L’un des principaux points de friction concerne l’origine du coronavirus. Depuis peu, les États-Unis ont totalement reconsidéré celle-ci, voyant clairement en un accident de laboratoire à l’Institut de virologie de Wuhan comme une explication potentielle. L’éditorial du Global Times a d’ailleurs été publié peu après une déclaration de Joe Biden, qui demandait au renseignement américain ‘redoubler d’efforts’ pour identifier l’origine du virus responsable de la pandémie.

La question des Ouïghours constitue aussi un sujet brûlant. Peu après son entrée en fonction, l’administration Biden a fait preuve de fermeté. Le secrétaire d’Etat Antony Blinken a ainsi déclaré partager la position de son prédécesseur, Mike Pompeo, quant au fait que cette minorité musulmane était victime d’un ‘génocide perpétré par le gouvernement autoritaire de la Chine’.

Mer de chine méridionale et entreprises chinoises

Il y a aussi les incidents répétés en mer de Chine méridionale, une zone contestée dans laquelle Pékin accuse Washington de causer des problèmes.

En mars dernier, un navire de guerre américain traversant le détroit de Taïwan avait provoqué la colère de la Chine. Elle y voyait une menace pour son contrôle sur Taïwan et a accusé les États-Unis de ‘mettre en danger la paix et la stabilité’ dans la région.

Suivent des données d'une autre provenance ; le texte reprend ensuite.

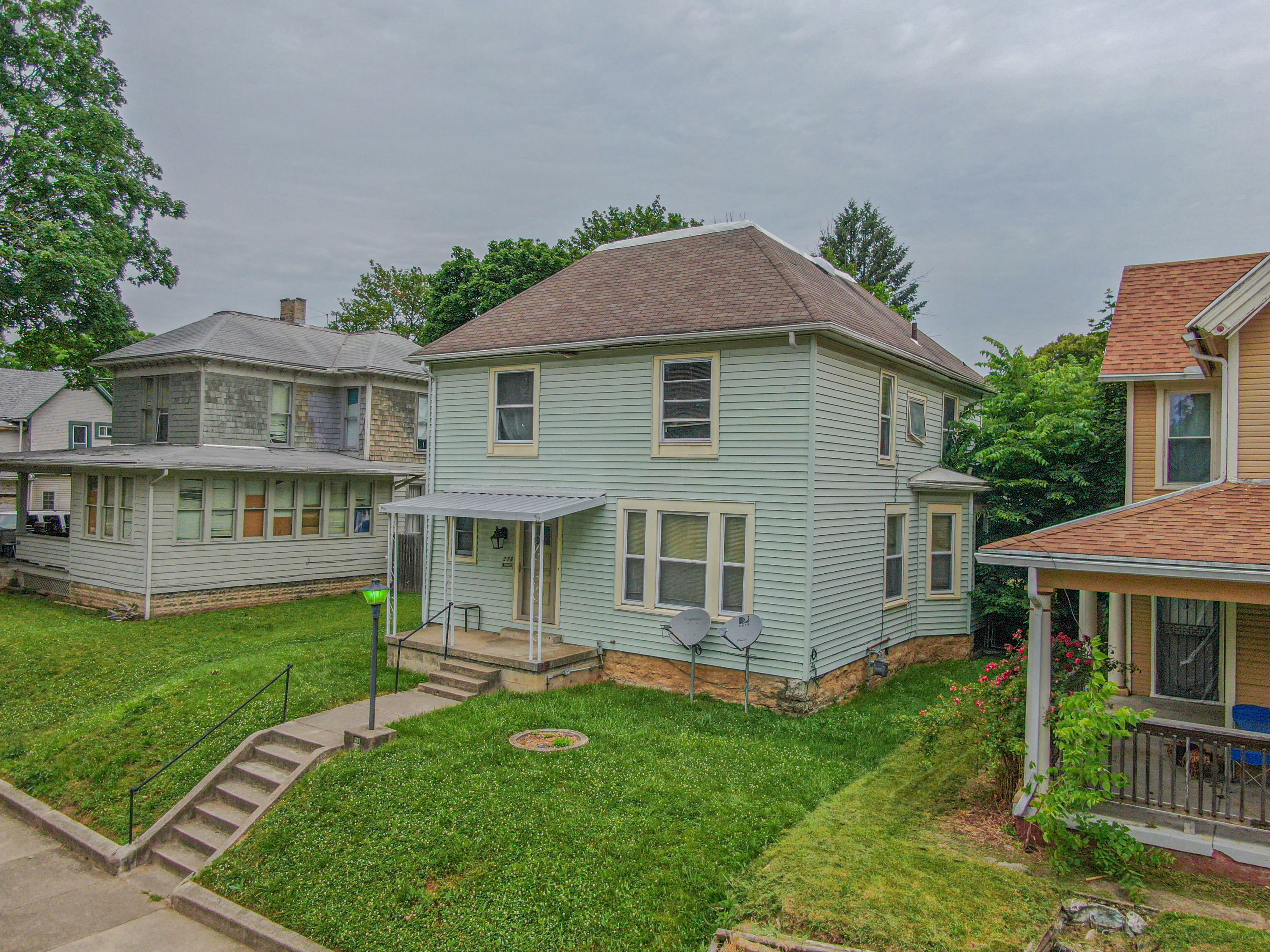 Property Photo:  376 Stanton Avenue  OH 45503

Plus récemment, il y a deux semaines, la Chine a déclaré avoir chassé un destroyer lance-missiles américain qui naviguait dans les îles Paracels. ‘Les actions américaines […] augmentent les risques pour la sécurité régionale et pourraient provoquer des malentendus, des incompréhensions et des incidents maritimes imprévus. Ce n’est pas professionnel, c’est irresponsable, et cela démontre que les États-Unis sont des fauteurs de troubles en mer de Chine méridionale’, avait déclaré le colonel Tian Junli, porte-parole de la Zone de commandement sud de l’armée chinoise.

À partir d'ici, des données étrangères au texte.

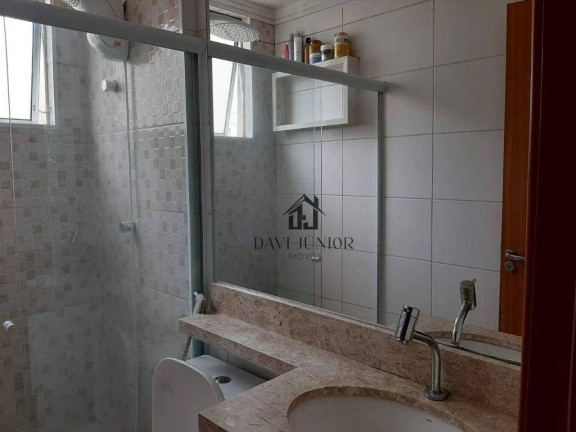 Imagem Apartamento com 2 Quartos à Venda, 45 m² em Jardim São Carlos - Sorocaba
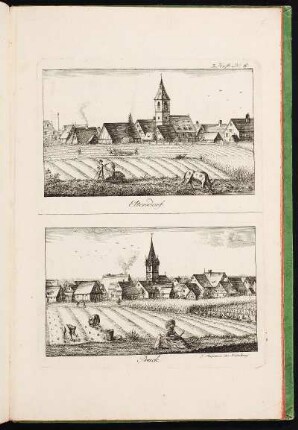 [6a] = 3. Heft N. 6 Eltersdorf. - Erlangen-Eltersdorf.
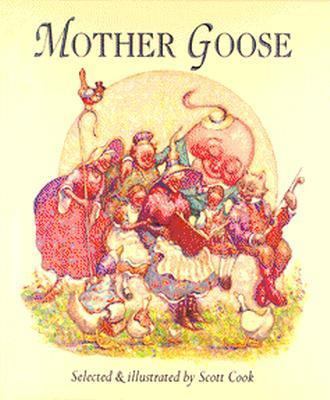 Mother Goose 0679909494 Book Cover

Notons enfin que l’administration Biden poursuit le travail entamé par sa prédécesseure au sujet des entreprises chinoises. Pas plus tard qu’hier les États-Unis ont porté à 59 le nombre total d’entreprises chinoises interdites d’investissement américain, car soupçonnées d’être en lien avec l’armée chinoise. Le nouveau décret interdit aux Américains d’investir dans ces entreprises, avec une période de grâce de 60 jours, jusqu’au 2 août, avant le début des sanctions, et une période d’un an pour les Américains ayant déjà investi dans ces entreprises – soit directement, soit par le biais de fonds mutuels, indiciels ou autres – pour se désinvestir. Cette action est l’une des plus fermes à ce jour en la matière, note le Washington Post.